Abstract

The Antarcticycas plant is reconstructed from the co-occurring vegetative organ taxa Antarcticycas schopfii and Yelchophyllum omegapetiolaris and the pollen cone taxon Delemaya spinulosa from permineralized peat of the Fremouw Formation, early Middle Triassic of Antarctica. The association of the organs in the same deposit, assignment of each taxon to Cycadales, and histological features shared among the taxa suggest they were all produced by the same plant. The Antarcticycas plant is reconstructed as a small plant, possibly with a subterranean stem; it was probably similar in habit to small-stemmed species of extant Zamia. Antarcticycas stems are inferred to exhibit apical rather than axillary branching based on reinterpretation of type material that shows a branching axis accompanied by anatomy indicative of the presence of cone domes when observed in extant cycads. The presence of a bulbil on one specimen indicates that branching also took place through adventitious budding. The Antarcticycas plant is similar in its anatomy to extant cycads, although contractile tissue and coralloid roots have yet to be identified and may not have been present in the fossil plant.
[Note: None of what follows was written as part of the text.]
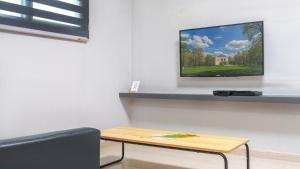 a living room with a table and a tv on a wall at Sokcho Jaja Ocean View Pension in Sokcho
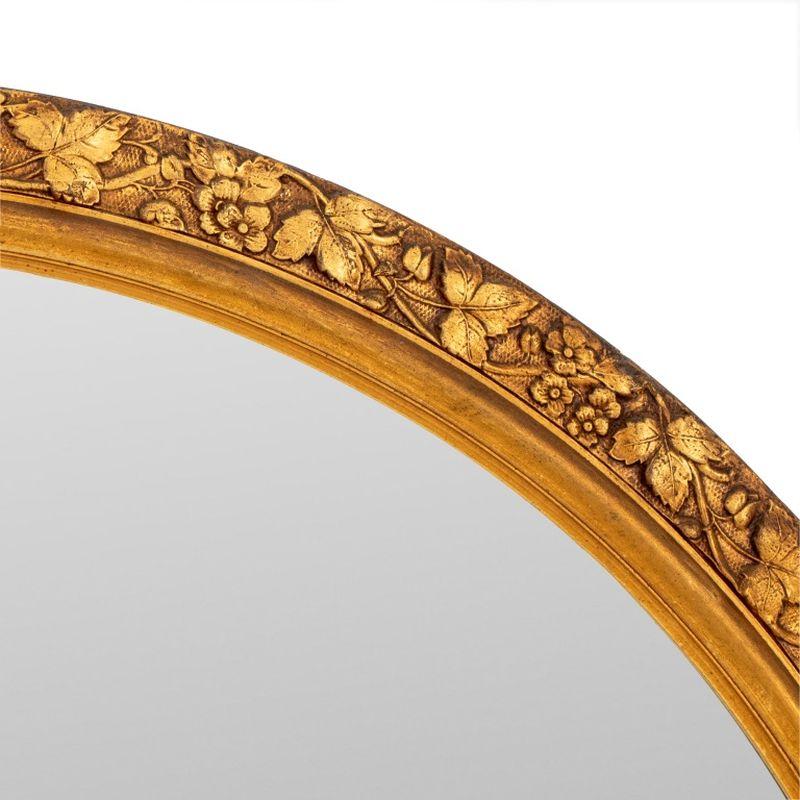 Miroir mural circulaire en bois doré sculpté de motifs floraux. Plaque de miroir : 35,25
The plant inhabited a warm temperate polar habitat with protracted periods of winter darkness for which there is no modern equivalent. Evidence for deciduousness in this taxon, previously suggested as a possible adaptation to its warm, light-limited environment, is equivocal. The possibilities that fire played a role in the Fremouw peat ecosystem and that the Antarcticycas plant may have been insect pollinated are explored.